(WHAT TO WORK ON)
Could you please reproduce every record below exactly, leaving out the pictures?

(THE RECORDS)
* * * * *

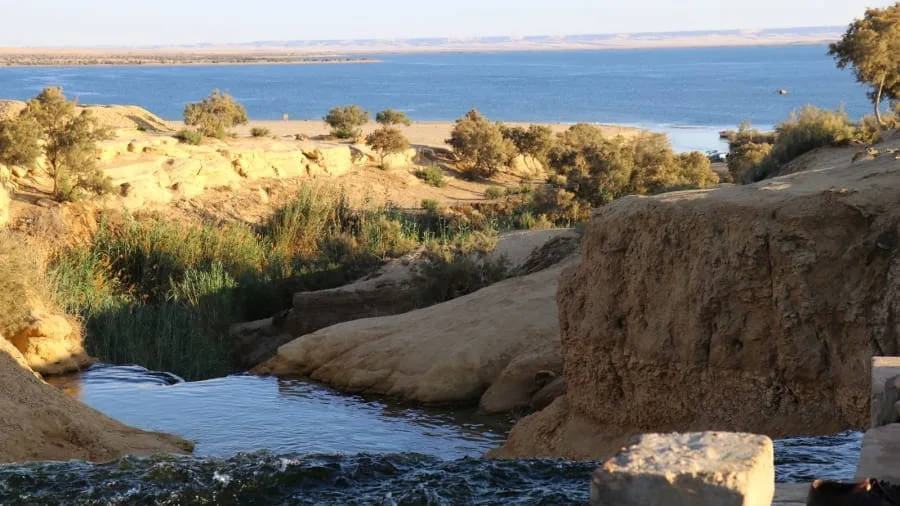 TAGESTOUR ZUR FAYOUM OASE  AUS KAIRO – Bild 3
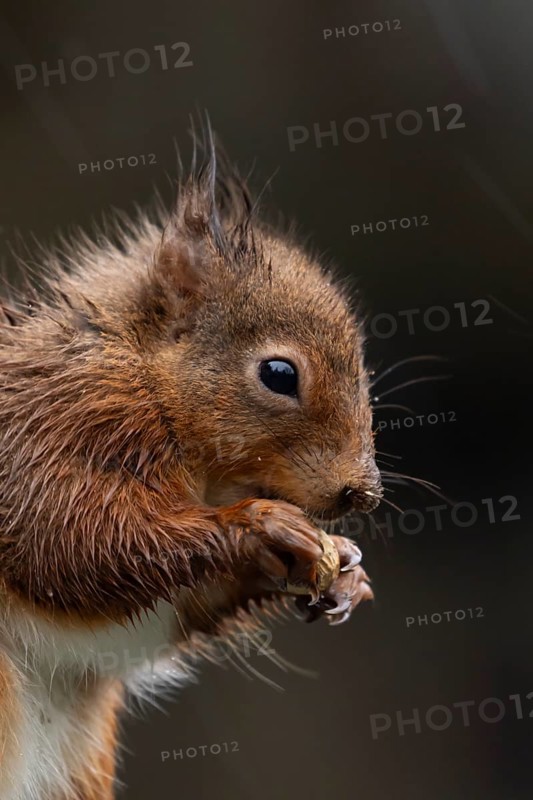 Red squirrel (Sciurus vulgaris) adult animal soaking wet eating a nut in a rain storm, England, United Kingdom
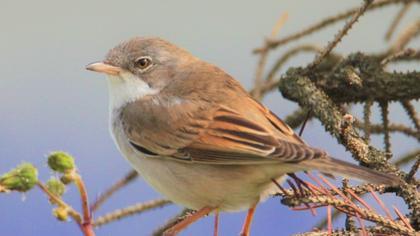 Akgerdanlı ötleğen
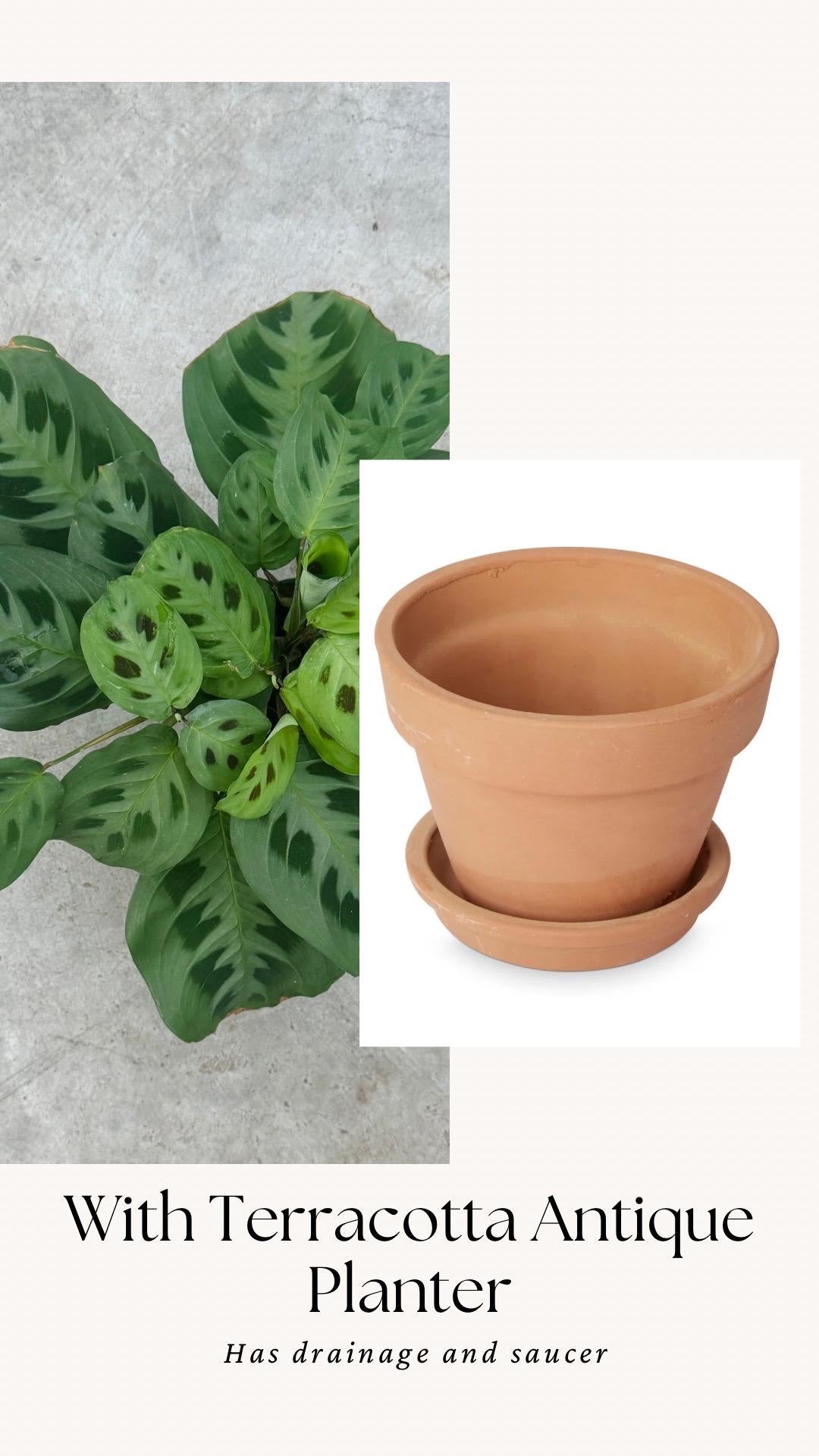 Maranta Leuconeur Green Prayer Plant - 4 inch Pot - Live Plant - optional decorative pot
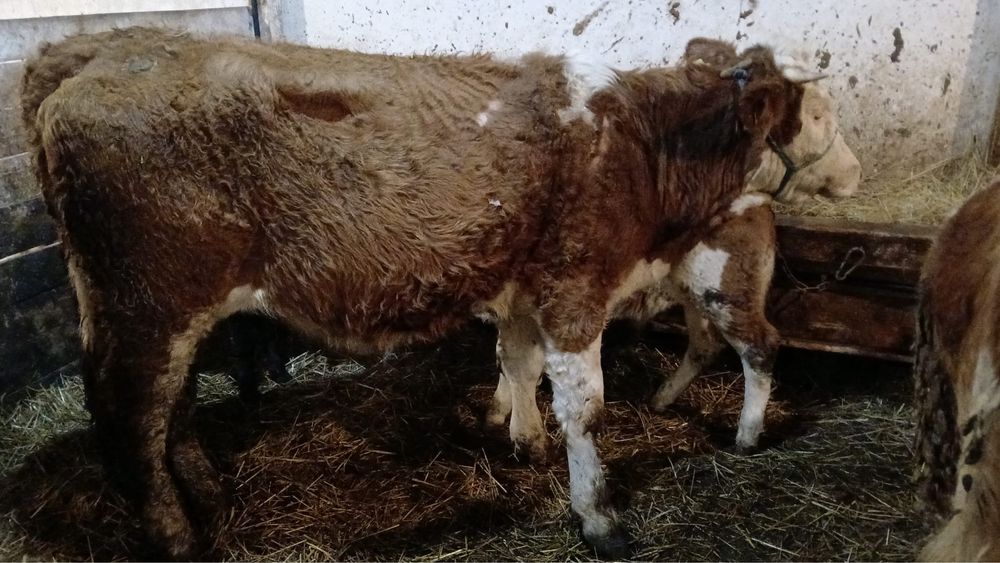 Vand  juninica baltata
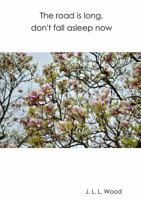 The road is long, don't fall asleep now 0244670846 Book Cover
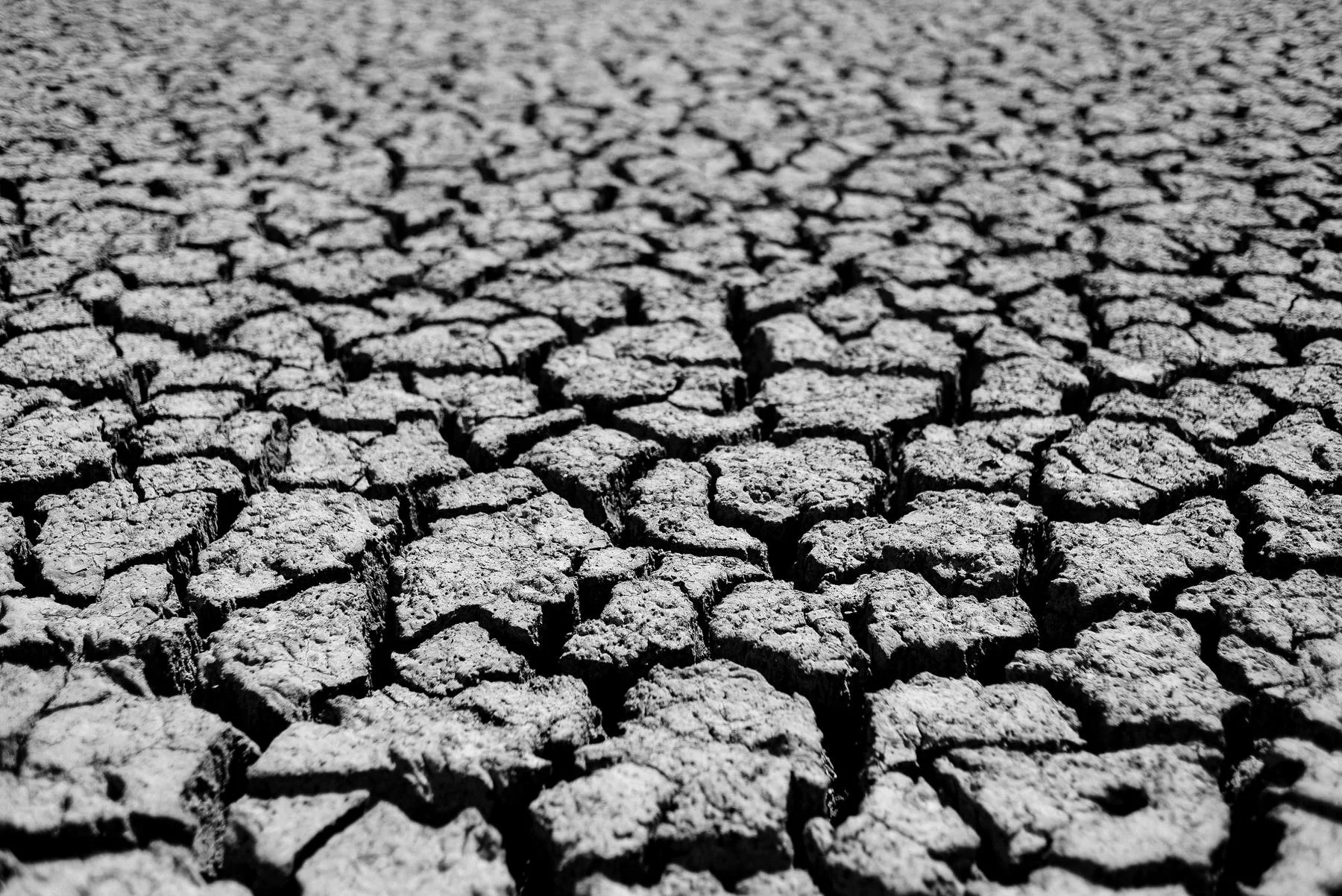 tierra-seca-0004.jpg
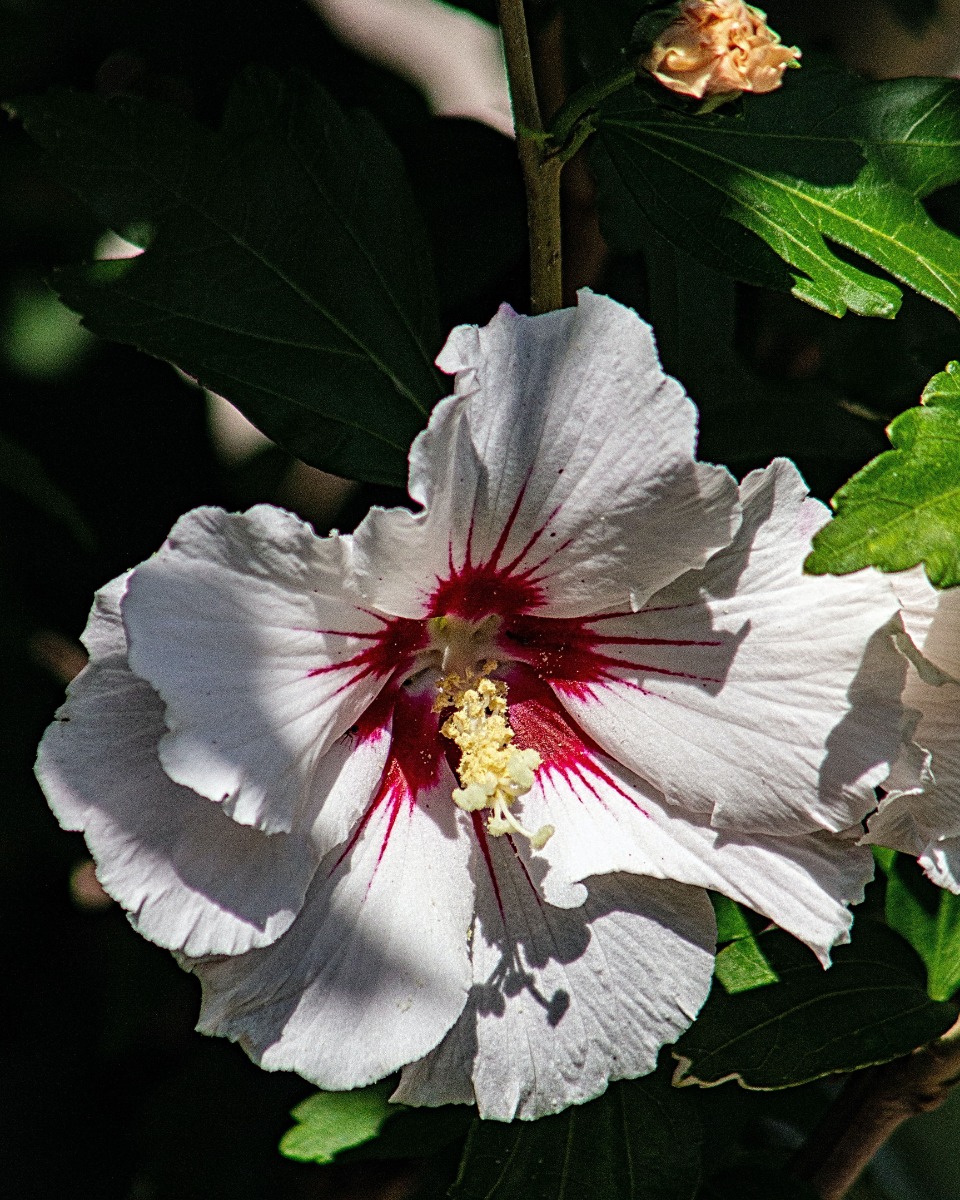 Ernährung für den Hibiskus Ernährung für den Hibiskus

* * * * *

(ANSWER BELOW)
 TAGESTOUR ZUR FAYOUM OASE  AUS KAIRO – Bild 3
 Red squirrel (Sciurus vulgaris) adult animal soaking wet eating a nut in a rain storm, England, United Kingdom
 Akgerdanlı ötleğen
 Maranta Leuconeur Green Prayer Plant - 4 inch Pot - Live Plant - optional decorative pot
 Vand  juninica baltata
 The road is long, don't fall asleep now 0244670846 Book Cover
 tierra-seca-0004.jpg
 Ernährung für den Hibiskus Ernährung für den Hibiskus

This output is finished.